Localizing microseismic events on field data using a U-Net-based convolutional neural network trained on synthetic data

Abstract

Hydraulic fracturing (HF) plays an important role when it comes to the extraction of resources in unconventional reservoirs. The microseismic activity arising during HF operations needs to be monitored to improve productivity and to make decisions about mitigation measures. Recently, deep-learning methods have been investigated to localize earthquakes given field-data waveforms as input. For optimal results, these methods require large field data sets that cover the entire region of interest. In practice, such data sets often are scarce. To overcome this shortcoming, we have initially used a (large) synthetic data set with full waveforms to train a U-Net that reconstructs the source location as a 3D Gaussian distribution. As a field data set for our study, we use data recorded during HF operations in Texas. Synthetic waveforms are modeled using a velocity model from the site that is also used for a conventional diffraction-stacking (DS) approach. To increase the U-Nets’ ability to localize seismic events, we augment the synthetic data with different techniques, including the addition of field noise. We select the best performing U-Net using 22 events that have previously been identified to be confidently localized by DS and apply that U-Net to all 1245 events.
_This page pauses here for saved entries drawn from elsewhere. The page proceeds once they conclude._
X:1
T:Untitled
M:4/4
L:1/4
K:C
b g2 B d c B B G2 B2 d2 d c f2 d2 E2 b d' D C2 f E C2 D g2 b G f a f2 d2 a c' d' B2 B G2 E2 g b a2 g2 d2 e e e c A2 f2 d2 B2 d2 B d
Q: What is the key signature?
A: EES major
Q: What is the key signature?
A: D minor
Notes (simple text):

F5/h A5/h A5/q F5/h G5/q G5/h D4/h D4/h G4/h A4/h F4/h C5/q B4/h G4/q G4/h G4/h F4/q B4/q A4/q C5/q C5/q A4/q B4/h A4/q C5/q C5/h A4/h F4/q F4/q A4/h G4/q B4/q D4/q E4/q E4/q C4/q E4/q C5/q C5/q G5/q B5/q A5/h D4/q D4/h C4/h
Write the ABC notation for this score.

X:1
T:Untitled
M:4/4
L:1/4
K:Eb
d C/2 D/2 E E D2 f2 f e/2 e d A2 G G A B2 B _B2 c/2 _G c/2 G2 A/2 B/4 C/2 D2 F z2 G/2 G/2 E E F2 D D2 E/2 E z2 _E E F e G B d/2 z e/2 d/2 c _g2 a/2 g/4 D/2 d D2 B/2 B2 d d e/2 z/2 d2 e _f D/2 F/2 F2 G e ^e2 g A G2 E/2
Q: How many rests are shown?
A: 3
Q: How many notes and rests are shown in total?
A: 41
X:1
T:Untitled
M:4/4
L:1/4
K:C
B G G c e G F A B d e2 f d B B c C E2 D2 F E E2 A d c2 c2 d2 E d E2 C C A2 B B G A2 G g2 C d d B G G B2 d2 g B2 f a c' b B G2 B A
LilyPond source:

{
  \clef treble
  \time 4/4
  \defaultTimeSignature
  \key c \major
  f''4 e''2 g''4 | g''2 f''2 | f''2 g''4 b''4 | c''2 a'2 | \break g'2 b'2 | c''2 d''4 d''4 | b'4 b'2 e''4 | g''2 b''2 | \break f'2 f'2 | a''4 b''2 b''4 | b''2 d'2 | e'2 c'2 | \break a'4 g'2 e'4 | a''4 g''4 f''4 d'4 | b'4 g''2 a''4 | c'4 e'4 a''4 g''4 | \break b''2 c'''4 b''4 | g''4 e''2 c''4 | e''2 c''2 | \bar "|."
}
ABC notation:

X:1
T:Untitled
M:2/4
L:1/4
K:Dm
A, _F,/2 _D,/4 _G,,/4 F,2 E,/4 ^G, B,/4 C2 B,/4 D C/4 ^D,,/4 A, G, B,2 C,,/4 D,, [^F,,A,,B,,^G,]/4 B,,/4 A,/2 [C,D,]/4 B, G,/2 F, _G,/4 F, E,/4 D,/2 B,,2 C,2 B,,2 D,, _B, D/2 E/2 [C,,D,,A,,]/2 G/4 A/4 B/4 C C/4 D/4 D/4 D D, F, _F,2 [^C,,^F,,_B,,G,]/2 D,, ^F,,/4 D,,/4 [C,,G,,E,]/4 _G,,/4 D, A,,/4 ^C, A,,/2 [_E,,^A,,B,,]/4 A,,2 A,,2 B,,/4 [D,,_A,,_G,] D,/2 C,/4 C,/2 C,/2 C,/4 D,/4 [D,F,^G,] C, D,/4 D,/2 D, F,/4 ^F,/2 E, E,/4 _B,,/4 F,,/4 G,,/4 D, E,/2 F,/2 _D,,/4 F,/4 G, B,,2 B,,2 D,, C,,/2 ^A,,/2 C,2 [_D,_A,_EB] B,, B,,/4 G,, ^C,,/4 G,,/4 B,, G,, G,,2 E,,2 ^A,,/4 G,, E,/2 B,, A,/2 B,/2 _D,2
We compare our predicted locations to DS and the DS locations refined by a relative location (DSRL) method. The U-Net-based locations are better constrained in depth compared to DS and the mean hypocenter difference with respect to DSRL locations is 163 m. This indicates potential for the use of synthetic data to complement or replace field data for training. Furthermore, after training, the method returns the source locations in near real time given the full waveforms, alleviating the need to pick arrival times.